Given a triangle $ABC$ with the circumradius $R$, the centroid $G$, and the nine-point center $E$. Prove that $$EA+EB+EC\le 3R$$
Note. I'm trying to use the vector equation below to prove this inequality, however, I'm stuck: $$\overrightarrow{EA} + \overrightarrow{EB} + \overrightarrow{EC} = 3\overrightarrow{EG}$$
We need the help of two triangle inequalities to prove the inequality mentioned in OP’s statement. We provide the proof of one of them while leaving the other for OP to try his/her hand at.

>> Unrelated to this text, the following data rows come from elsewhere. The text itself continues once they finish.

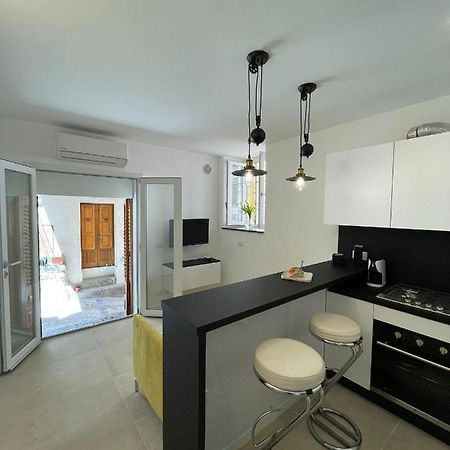 La Nicchia Apartment เชฟาลู ภายนอก รูปภาพ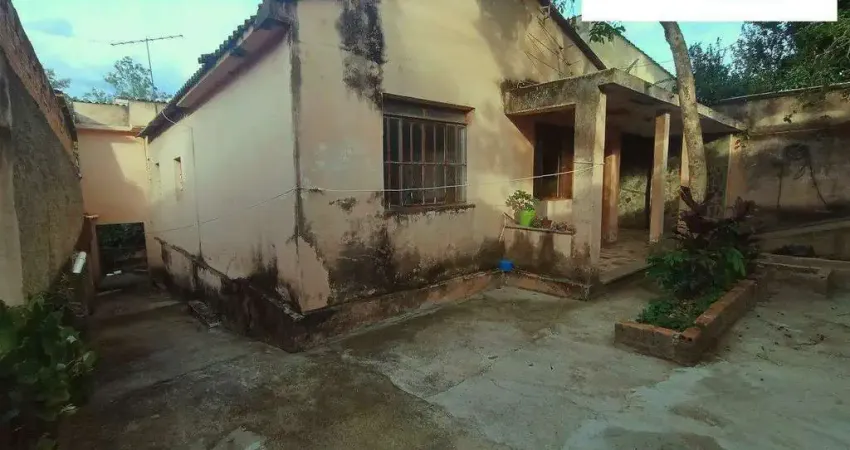 Terrreno com 480m² e uma casa para reforma com 3 quartos 2 banhos 3 e 4 vagas no bairro planalto!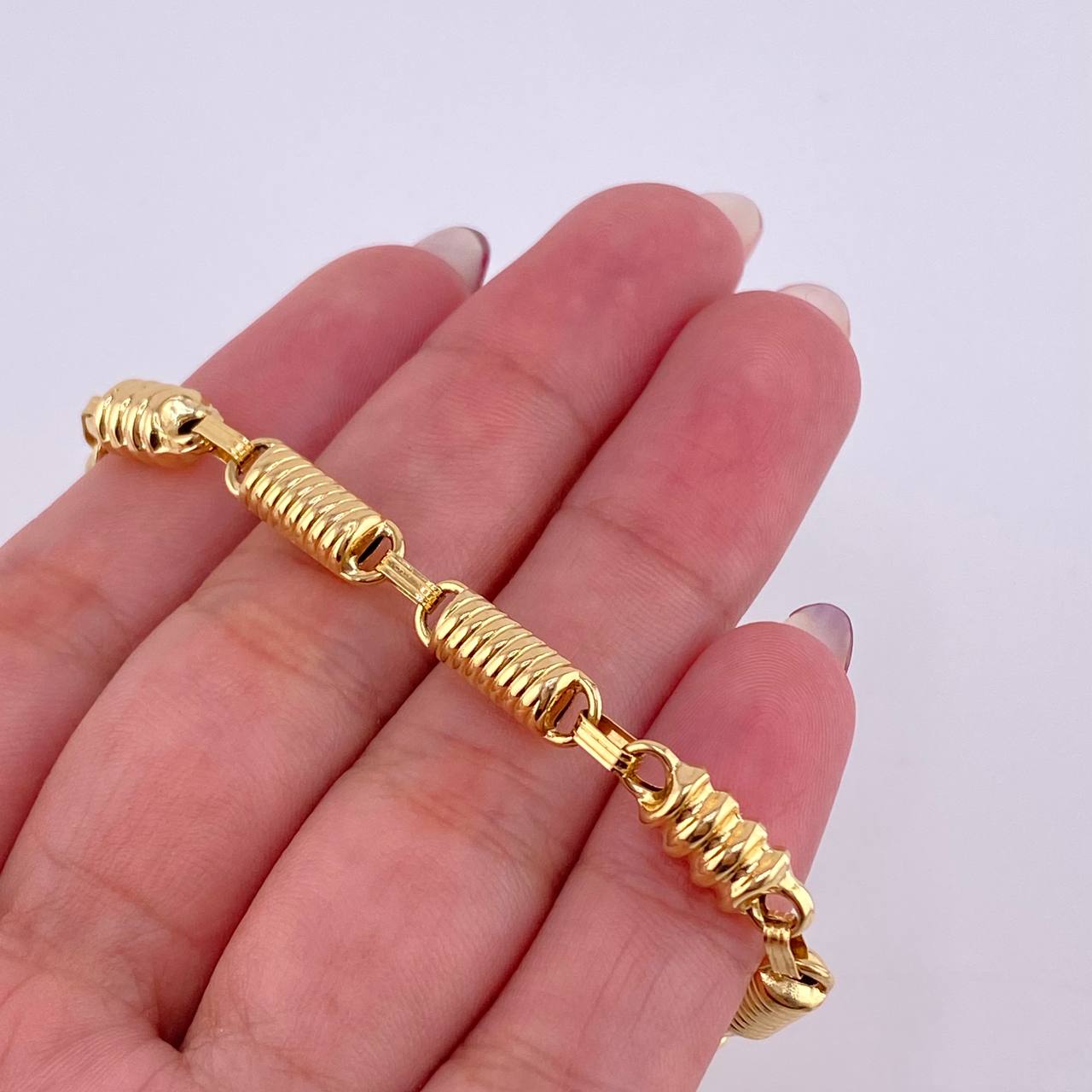 Pulso Rustico Rayado 6gr / 7 1/4 in / 5mm Oro Amarillo 18K ©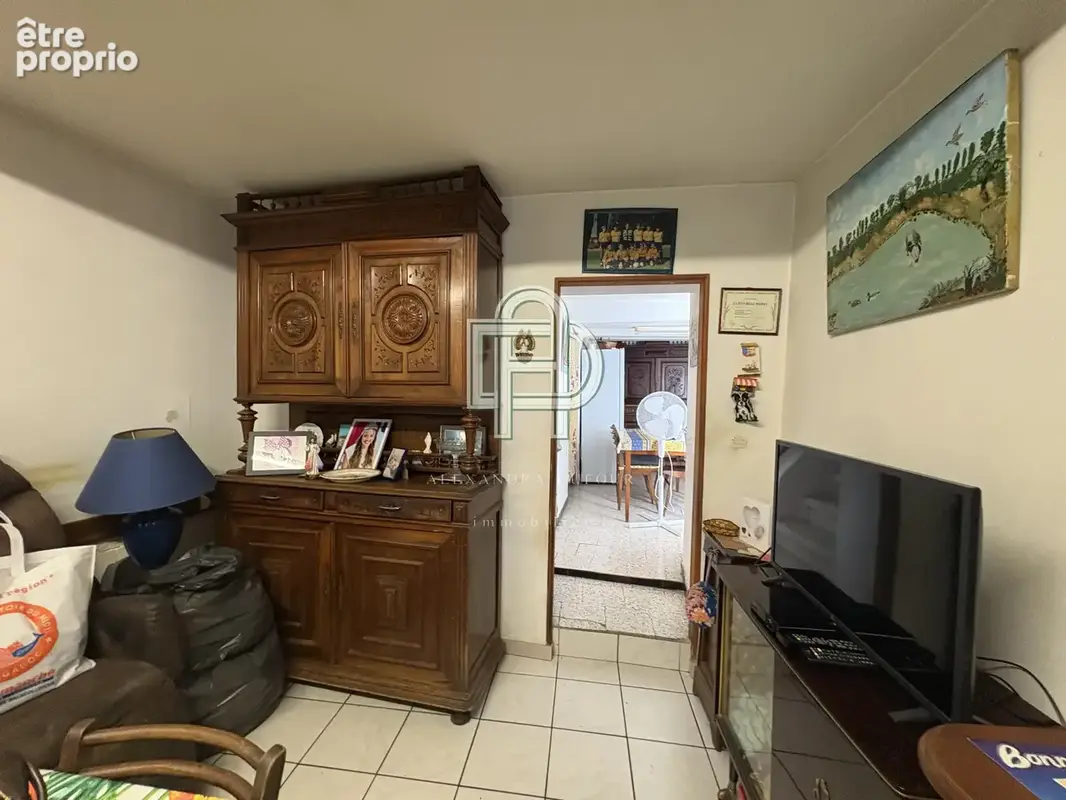 Maison de village avec cour à rénover - Gruissan village - photo 9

Consider the scalene triangle $UVW$ shown in $\mathrm{Fig.\space 2}$. Its sides and one of its medians (i.e. $WM$) have lengths $u$, $v$, $w$, and $m$. We shall write, $$u^2=m^2+\frac{w^2}{4}+m\times w\times \cos\left(\omega\right)\qquad\left(\mathrm{for}\space \triangle MVW\right), \tag{1}$$ $$v^2=m^2+\frac{w^2}{4}-m\times w\times \cos\left(\omega\right)\qquad\left(\mathrm{for}\space \triangle UMW\right). \tag{2}$$
When we add (1) to (2), we get, $$u^2+v^2 =2m^2+\frac{w^2}{2}\quad\rightarrow\quad 4m^2= 2u^2+2v^2-w^2. \tag{3}$$
As shown below, equation (3) can be transformed into the first of the two sought triangle inequalities, which is, in fact, the mainstay of the proof of OP’s inequality.

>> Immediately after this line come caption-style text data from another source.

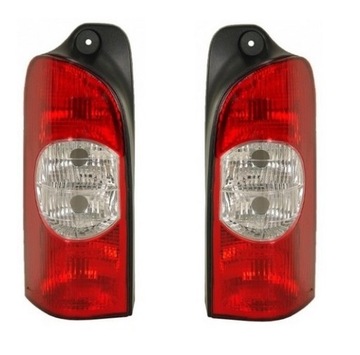 LAMPA TYŁ TYLNA RENAULT MASTER 2003- KOMPLET L+P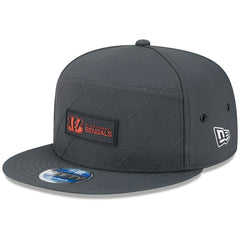 Cincinnati Bengals New Era 2025 Sideline Cold Weather Split Panel 9FIFTY Snapback Hat Charcoal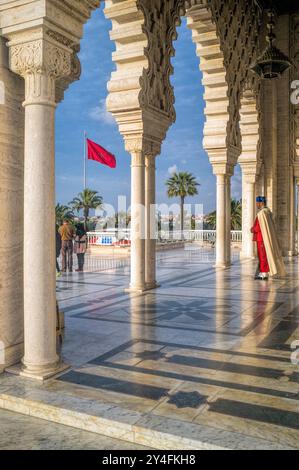 Rabat, Maroc, 24 avril 2015, le Mausolée de Mohammed V présente une architecture exquise et un cadre serein, reflétant la riche histoire du Maroc Banque D'Images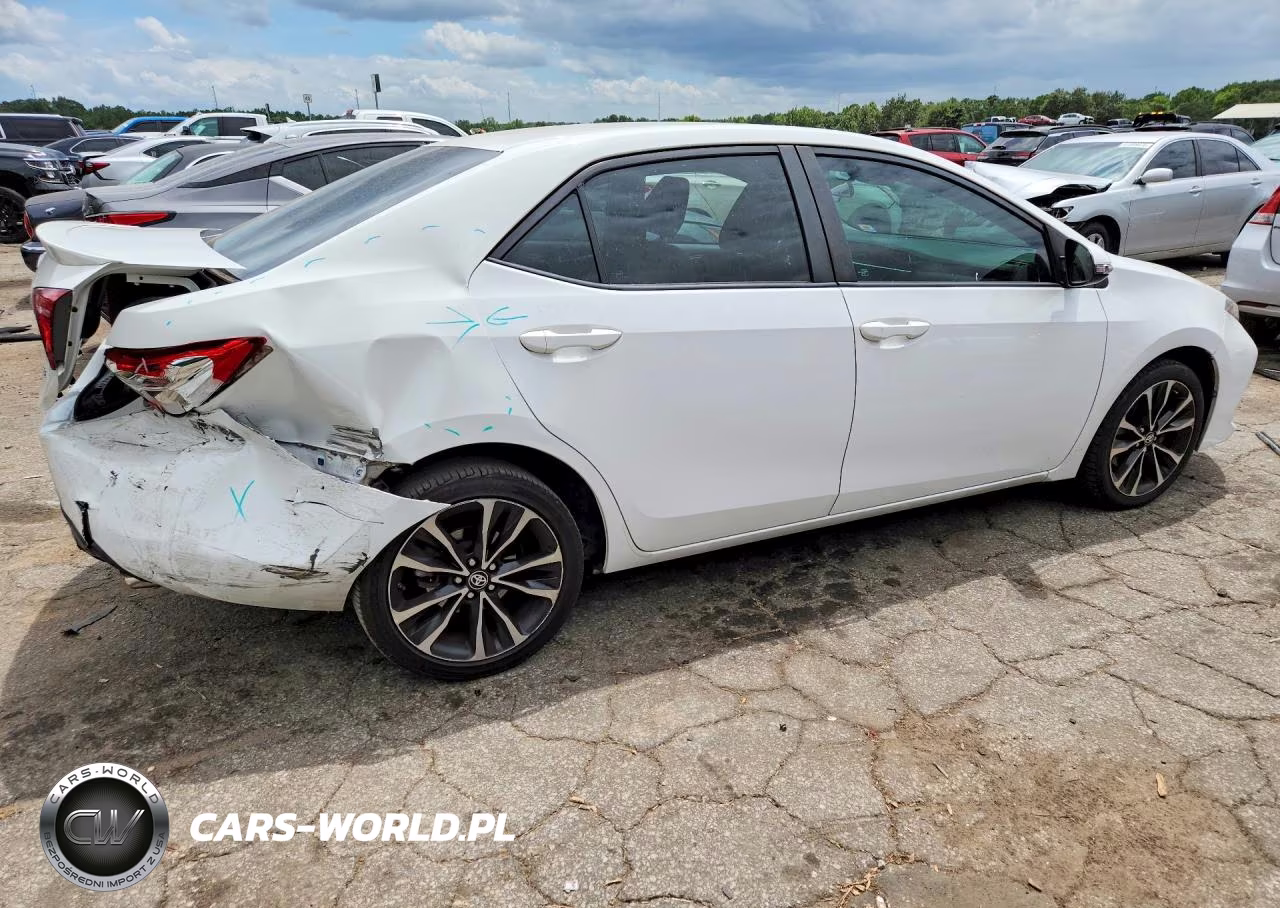 2017 Toyota Corolla Se VIN:2T1BURHE0HC873945 - 3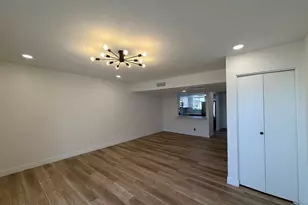 1601 W Sunnyside Dr, Phoenix, AZ 85029 - Photo 11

$$4m^2= 2u^2+2v^2-w^2= u^2+v^2+\left(u^2+v^2-w^2\right) = u^2+v^2+2uv\cos\left(\phi\right)$$
Since thelargest value of $\cos\left(\phi\right)$ is 1, we cam write, $$4m^2\le u^2+v^2+2uv=\left(u+v\right)^2 \quad\rightarrow\quad u+v\ge 2m. \tag{4}$$
Here, the equality holds only for the degenerated triangle. The purpose of the numerical values shown in the diagram is to convince you that this inequality holds.
Now, pay your attention to the $\mathrm{Fig.\space 1}$, which depicts the configuration described by OP and auxiliary points and segments introduced by us. $H$ and $O$ are the orthocenter and circumcenter of the triangle $ABC$ respectively. We assume that OP is aware of the fact that the center of the nine-point circle $E$ is the midpoint of the segment $HO$. We denote the radius of the circumcircle $ABC$ as $R$.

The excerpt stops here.